So, normally when we compute the derivative of a certain composite function we simply use a combination of the derivative rules such us chain rule, product rules, etc.. e.g.
$$ \frac{d}{dx} (e^x\sqrt{x^2lnx})$$
Product rule:$\sqrt{x^2lnx}*\frac{d}{dx}e^x +e^x*\frac{d}{dx}\sqrt{x^2lnx}$
Chain rule:
$ e^x\sqrt{x^2lnx}+e^x*\frac{1}{2\sqrt{x^2*lnx}}*\frac{d}{dx}x^2*lnx$
Product rule again:$ e^x\sqrt{x^2lnx}+e^x*\frac{1}{2\sqrt{x^2*lnx}}*(2xlnx+x^2*\frac{1}{x})$
Intuitively, the chain rule can be thought as the ratio of the change of each function multiplied, while the product rule can be thought as the change in the area of a square with each function as the side.
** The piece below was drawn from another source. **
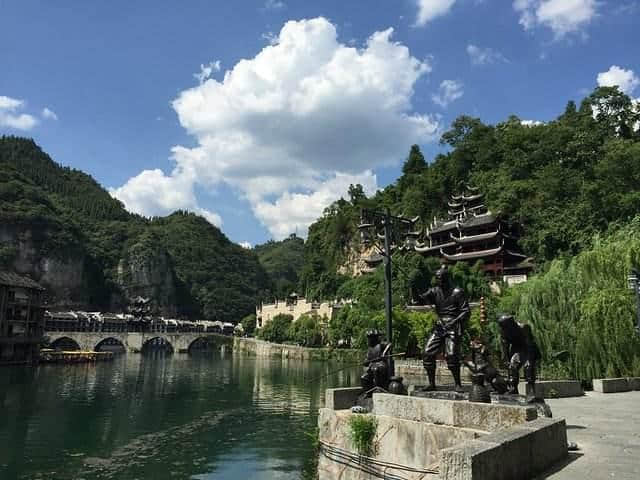 贵州旅游景点_黔东南旅游线路攻略（最美景点）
But there is another way to compute the derivative as the sum of all the derivatives with respect to the individual isntances of x while holding the other x's constant
$e^x$ ->$e^x*\sqrt{x^2lnx}$
$x^2$->$e^x*\frac{\sqrt{lnx}}{2\sqrt{x^2}}*2x$
$lnx$->$e^x*\frac{\sqrt{x^2}}{2\sqrt{lnx}}*\frac{1}{x}$
And their sum is equal to the derivative of the function.. why is this true intuitively? Does my assumption that it is simply the sum of all changes that each instance of x cause is correct? And does this also work for multivariable funtions or do they have certain limiations?
This is the multivariable chain rule at work, and as long as you're careful keeping everything straight, it will always* give you the correct derivative.
(* assuming niceness, like the function being differentiable in the first place)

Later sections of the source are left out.